→ Exercise aim
Below is a block of entries, which should be copied verbatim apart from the pictures.

→ Supplied records
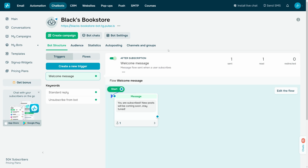By integrating with Google Sheets, you can transfer data between your chatbots and Google Sheets when subscribers interact with your chatbots. Let's talk about how to integrate SendPulse's chatbot builder with Google Sheets.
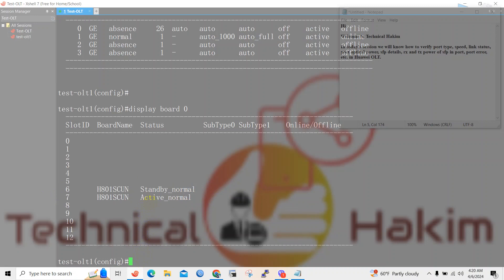So we will verify the port status, link status and etc., including the SFP details of board number 7. Let's verify the number of ports in board number 7. For that we will issue the command displayport 0/7.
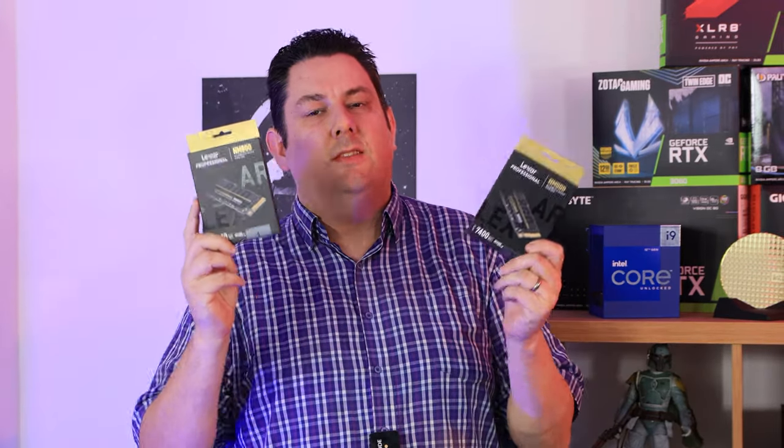Hi everyone, Phil from Tech4Techs here. Today we're going to be looking at this Lexar drive, but we're not just going to be looking at it, we're actually going to team it up with another drive.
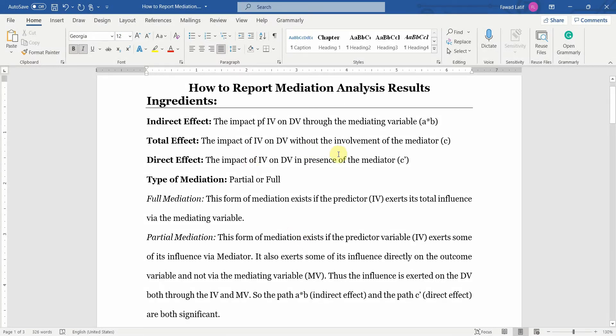How to report mediation analysis results. In this session I am going to talk about how to report mediation analysis results.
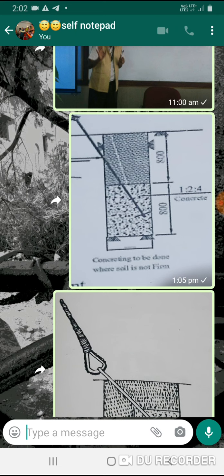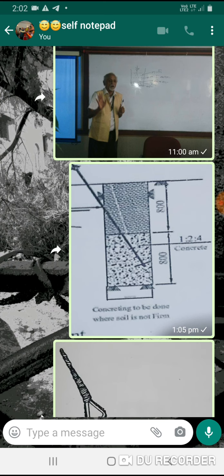This is the foundation of the foundation. Today we are going to talk about the concrete foundation of this concrete foundation. We will do this.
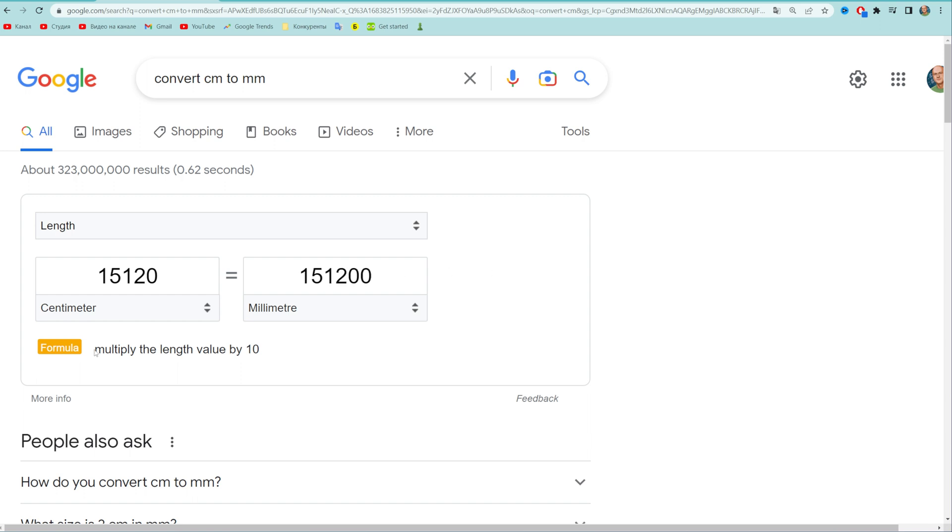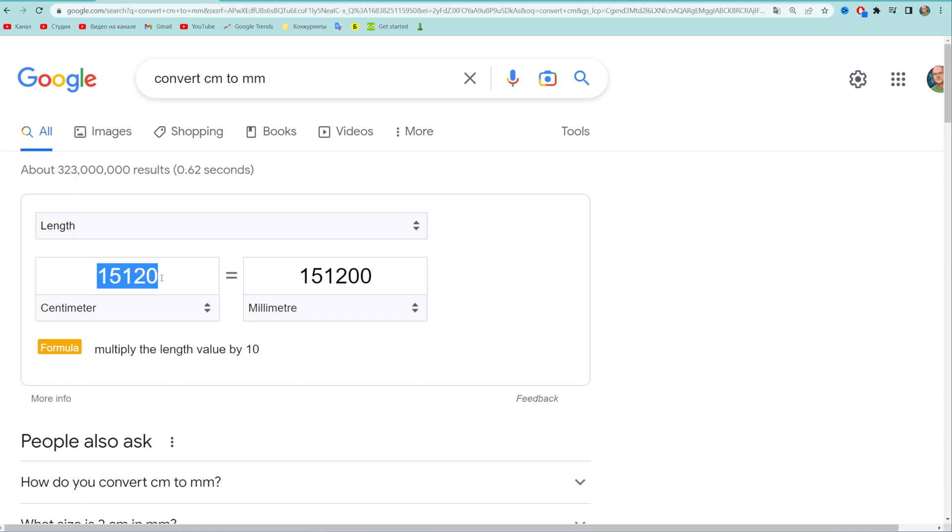To manually convert centimeters to millimeters all you have to do is multiply the length value in centimeters by 10. So basically you can just add a zero at the end of the value in centimeters to quickly convert it to millimeters.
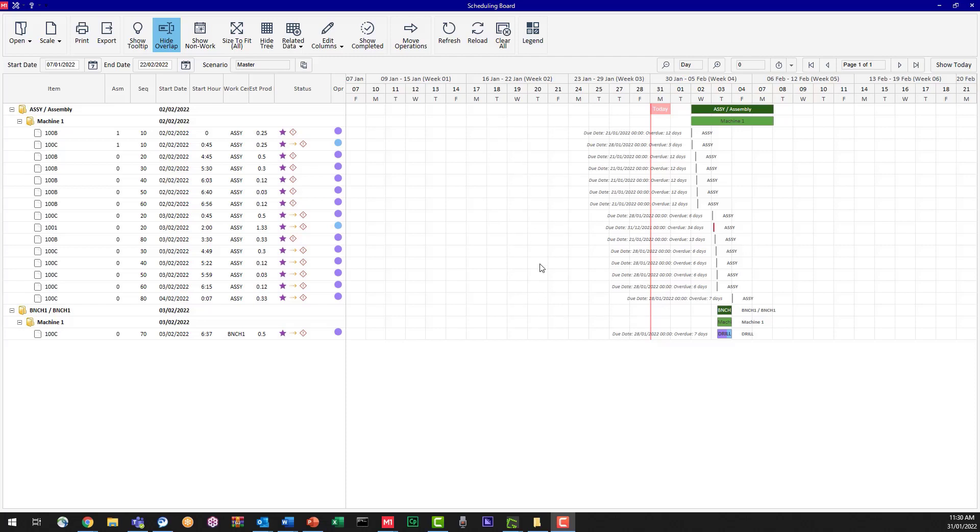You can also see over the right-hand side here that on the calendar and on the board we've got a flag that says today in red. Well, that's correct, it is the 31st of January.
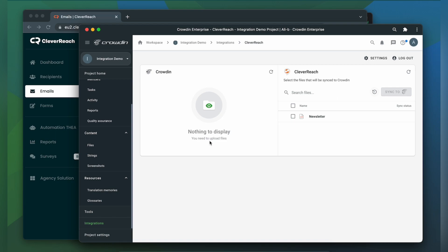Now we're on the integration screen. On the right are all my emails in Cleverreach and on the left are only ones that I have already requested translation for.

→ Result below
By integrating with Google Sheets, you can transfer data between your chatbots and Google Sheets when subscribers interact with your chatbots. Let's talk about how to integrate SendPulse's chatbot builder with Google Sheets.
So we will verify the port status, link status and etc., including the SFP details of board number 7. Let's verify the number of ports in board number 7. For that we will issue the command displayport 0/7.
Hi everyone, Phil from Tech4Techs here. Today we're going to be looking at this Lexar drive, but we're not just going to be looking at it, we're actually going to team it up with another drive.
How to report mediation analysis results. In this session I am going to talk about how to report mediation analysis results.
This is the foundation of the foundation. Today we are going to talk about the concrete foundation of this concrete foundation. We will do this.
To manually convert centimeters to millimeters all you have to do is multiply the length value in centimeters by 10. So basically you can just add a zero at the end of the value in centimeters to quickly convert it to millimeters.
You can also see over the right-hand side here that on the calendar and on the board we've got a flag that says today in red. Well, that's correct, it is the 31st of January.
Now we're on the integration screen. On the right are all my emails in Cleverreach and on the left are only ones that I have already requested translation for.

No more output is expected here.